We are going to take it to be weighed when its finished (hopefully this weekend if the rain holds off) but im so impatient!

Thanks!


----------



## Taffster (13 March 2009)

I've never seen a wooden rice trailer so wouldnt know but i understand the rice trailers to be heavy around 1500kg unladen that might be the new ones though


----------



## emilyw (13 March 2009)

I reckon it is about 15yrs old at a guess. I only said Ali as thought the old old ones were wooden but that was a wild guess so my mistake!!


----------



## Michelle22 (13 March 2009)

Hi
I have a Rice from 1989, and its unladen weight is 747kg.

Its on the label at the front, just above the Jockey wheel carrier.

Hope this helps.


----------



## molehill (13 March 2009)

I have no idea,but if its too heavy you could always take the tow hitch off and give it to me!!!!My OH has broke mine!
SORRY


----------



## emilyw (13 March 2009)

ha ha dont think hubby would be impressed if I suggested getting rid - he is refurbing it for me. I have to admit it looks great, cant wait to get the last bits finished! Has had new floor, all inside painted, new rubber, all the wheels painted white, the outside is now painted a gorgeous green. Now all I need is some posh horses to put in it - not my 2 mud monsters!!!

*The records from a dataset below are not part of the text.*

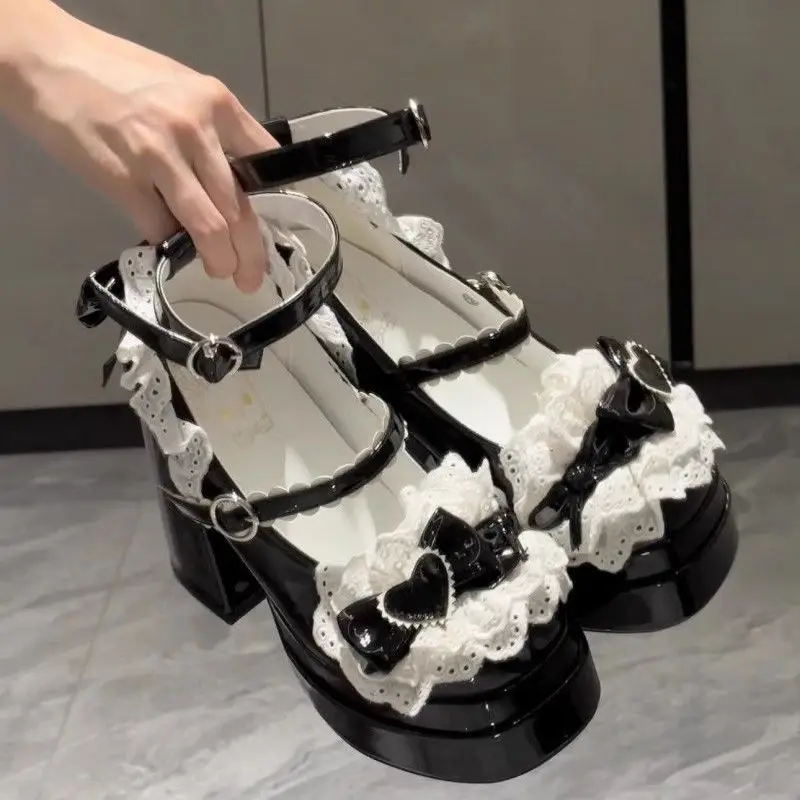 Japanese Kawaii Punk Goth Chunky Platform Pumps Women Bowtie Wedges Mary Jane Lolita Shoes Woman Heart Ankle Buckle Black Shoes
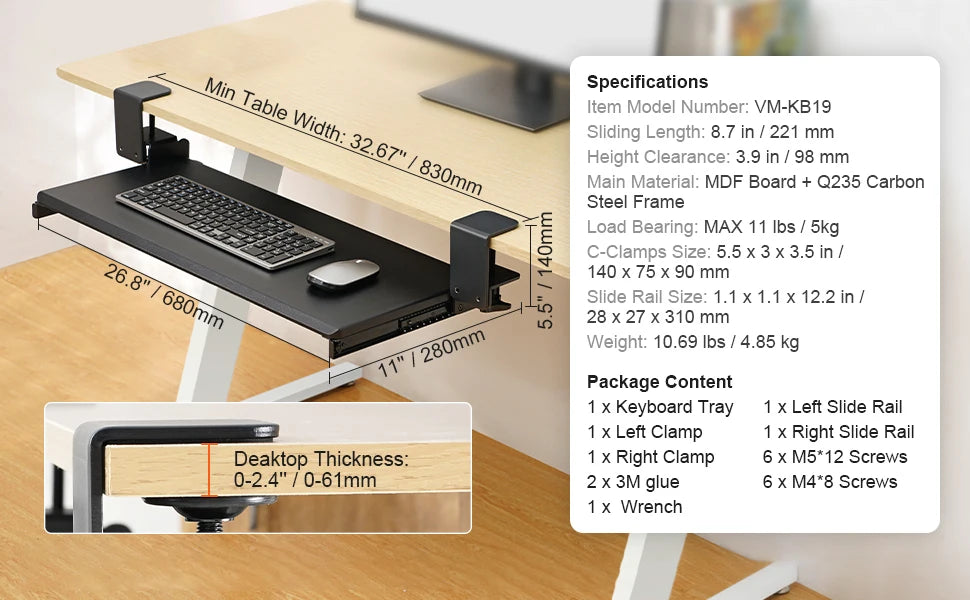 SucceBuy 26.8in Under Desk Keyboard Tray Slide in/out Ergonomic Universal Keyboard Tray No-Drilling C-Clamps Easy to Install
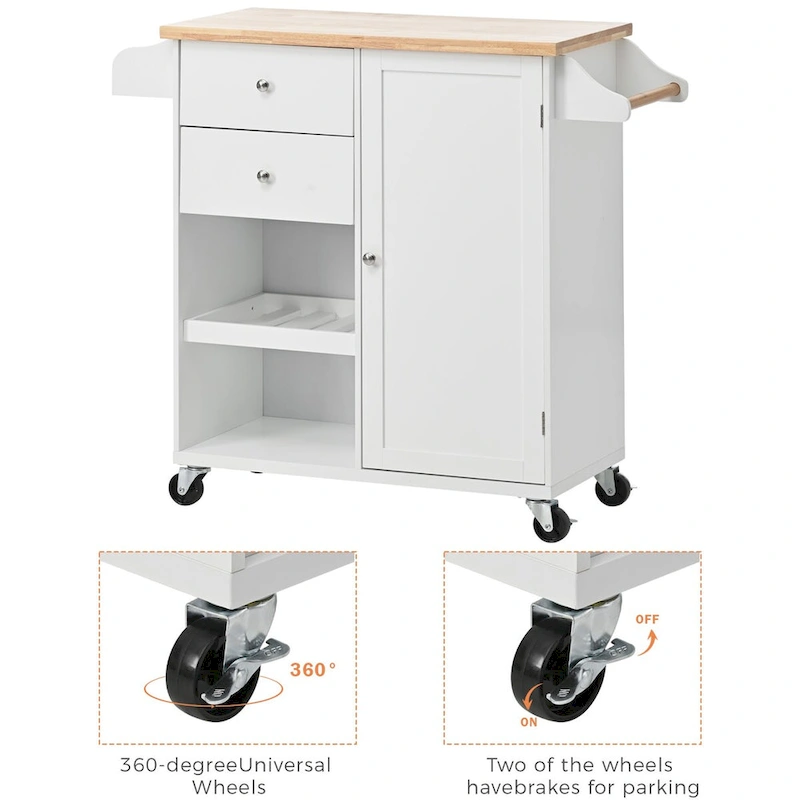 41.3 in. Rolling Kitchen Island with Spice Rack and Two Drawers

Think my best bet is to stop being impatient and wait to take it to be weighed, hubby is just being very optimistic that its not going to weigh very much at all whereas I think it will weigh a fair bit!


----------



## badgerdog (13 March 2009)

If it's an old Europa one with the aluminium sides it will be similar to my Bahill (I think Rice took over Bahill and the two trailers were exactly the same for a while) and that weighs 650k without the centre partition and a single breast bar.  I took it to a weighbridge so that is the exact weight of mine.
It'll be interesting to see how much it weighs when you take it to the weighbridge.  Keep us updated.


----------